Paul O’Connell will strive for perfect finale, predicts Conor Murray

Conor Murray believes Paul O’Connell will want his career to end with a bang rather than a whimper but that might not be for another year yet.

Ireland captain O’Connell, declared fit yesterday for Munster’s crucial Guinness Pro12 clash with Ulster at Ravenhill on Saturday, is considering whether to retire or not at the end of the World Cup in October, although his contract expires at the end of next season.

Both Munster and Ireland scrum-half Murray and provincial head coach Anthony Foley, however, think it will be O’Connell’s body that will dictate his decision with his current team-mate believing the legendary second row will not want to play on if his performances are in decline.

“You wouldn’t like to see a player like him start to dip in performances and sort of mellow out, to go out on a low,” Murray said yesterday at Thomond Park as Munster trained ahead of their trip to Belfast.

“He’s definitely the type of player that would like to go out on a high.

“Personally, I think he could continue for at least another year and go on but it’s really himself that feels that, he knows his body better than anyone else so it’s up to him.

“The most important thing is going out on a high, I know he’s the type of player that wouldn’t like to plateau and hang on in there, he is the type of player that wants to contribute as much as he can to a team.”

Head coach Foley said he believed there was no need to rush O’Connell into retirement prematurely but that any encouragement from within the provincial set-up to convince him to play on would be conducted in private.

“He’s had an unbelievable Six Nations. He was player of the Six Nations so I don’t know why we’d want to put him down yet,” Foley said of the former Munster and Lions captain, before addressing any involvement in persuading the 35-year-old to play on.

“Everything like that will go on behind private, closed doors. It’s not public conversations.

“It’s not for me to sit down here and plead a case, it’s something that will happen in an office and nobody will know about it.

“Personally, I had to make that decision as well and it’s not an easy decision for anyone to make, to step away from a game that you love to play.
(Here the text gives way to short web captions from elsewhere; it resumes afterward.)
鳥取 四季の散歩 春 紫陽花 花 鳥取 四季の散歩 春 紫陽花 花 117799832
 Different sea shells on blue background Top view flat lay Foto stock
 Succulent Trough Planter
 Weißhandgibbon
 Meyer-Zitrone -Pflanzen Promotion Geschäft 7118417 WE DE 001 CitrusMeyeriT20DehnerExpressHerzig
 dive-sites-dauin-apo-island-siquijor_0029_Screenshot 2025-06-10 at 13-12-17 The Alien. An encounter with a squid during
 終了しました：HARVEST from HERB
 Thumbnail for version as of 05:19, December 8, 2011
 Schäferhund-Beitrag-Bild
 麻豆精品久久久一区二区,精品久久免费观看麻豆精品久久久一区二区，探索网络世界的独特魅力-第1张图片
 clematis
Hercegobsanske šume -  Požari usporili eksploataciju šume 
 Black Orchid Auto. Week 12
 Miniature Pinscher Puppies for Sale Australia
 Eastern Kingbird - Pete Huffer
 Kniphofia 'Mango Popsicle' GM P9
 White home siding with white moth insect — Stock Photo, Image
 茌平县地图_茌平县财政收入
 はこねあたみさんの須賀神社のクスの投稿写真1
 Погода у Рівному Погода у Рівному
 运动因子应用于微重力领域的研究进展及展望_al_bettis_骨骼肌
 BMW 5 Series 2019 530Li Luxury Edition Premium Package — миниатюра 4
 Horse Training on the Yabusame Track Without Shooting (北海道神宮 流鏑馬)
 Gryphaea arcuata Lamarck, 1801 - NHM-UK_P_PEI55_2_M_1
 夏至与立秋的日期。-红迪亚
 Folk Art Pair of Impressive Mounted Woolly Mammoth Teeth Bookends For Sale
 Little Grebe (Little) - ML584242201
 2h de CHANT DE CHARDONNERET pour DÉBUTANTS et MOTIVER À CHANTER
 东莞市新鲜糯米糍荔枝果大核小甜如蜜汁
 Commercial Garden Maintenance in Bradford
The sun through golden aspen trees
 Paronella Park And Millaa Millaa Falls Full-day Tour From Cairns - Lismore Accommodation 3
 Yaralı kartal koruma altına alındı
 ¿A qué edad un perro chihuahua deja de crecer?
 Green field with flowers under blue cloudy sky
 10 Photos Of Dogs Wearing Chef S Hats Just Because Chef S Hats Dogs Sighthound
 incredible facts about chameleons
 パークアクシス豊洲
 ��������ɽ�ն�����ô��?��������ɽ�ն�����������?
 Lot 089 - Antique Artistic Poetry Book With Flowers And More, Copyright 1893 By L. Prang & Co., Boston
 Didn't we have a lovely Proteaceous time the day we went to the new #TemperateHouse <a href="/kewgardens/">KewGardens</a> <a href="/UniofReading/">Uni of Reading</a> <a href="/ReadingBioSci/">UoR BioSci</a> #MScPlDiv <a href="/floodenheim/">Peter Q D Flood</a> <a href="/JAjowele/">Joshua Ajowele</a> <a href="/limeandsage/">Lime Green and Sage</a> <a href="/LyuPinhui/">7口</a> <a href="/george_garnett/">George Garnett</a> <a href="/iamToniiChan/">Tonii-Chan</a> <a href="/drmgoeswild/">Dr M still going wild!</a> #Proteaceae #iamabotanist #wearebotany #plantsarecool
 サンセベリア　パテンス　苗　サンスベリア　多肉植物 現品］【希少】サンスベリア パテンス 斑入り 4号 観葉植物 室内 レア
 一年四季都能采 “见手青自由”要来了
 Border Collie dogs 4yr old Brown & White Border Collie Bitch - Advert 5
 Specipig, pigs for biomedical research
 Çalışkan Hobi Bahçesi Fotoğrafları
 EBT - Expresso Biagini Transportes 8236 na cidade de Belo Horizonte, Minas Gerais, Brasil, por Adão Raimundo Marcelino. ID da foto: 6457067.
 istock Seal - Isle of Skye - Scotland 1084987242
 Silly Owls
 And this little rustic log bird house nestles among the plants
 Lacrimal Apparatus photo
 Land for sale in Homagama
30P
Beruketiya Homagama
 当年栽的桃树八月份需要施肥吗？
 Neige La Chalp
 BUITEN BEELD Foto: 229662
But sometimes your body tells you that you need to look after yourself, so it’s important he makes the right decision when the time comes for him to step away from it.

“You know, there’s a lot of nonsense being written. There’s a lot of people sticking their poker in the fire and trying to stir things up or something like that but at the moment we’re fully focused on Ulster this weekend.

“I would have spoken to Paul about five times in the last eight days but all of them were around preparation for the game.

“There hasn’t been one conversation around personal decisions or anything that he may have to make or mightn’t make.

“We’re fully focused. We understand the importance of this weekend and we want to get on with it and play rugby.

“Paul is contracted until June next season, I always get confused around why we’re talking about a fella who’s under contract.”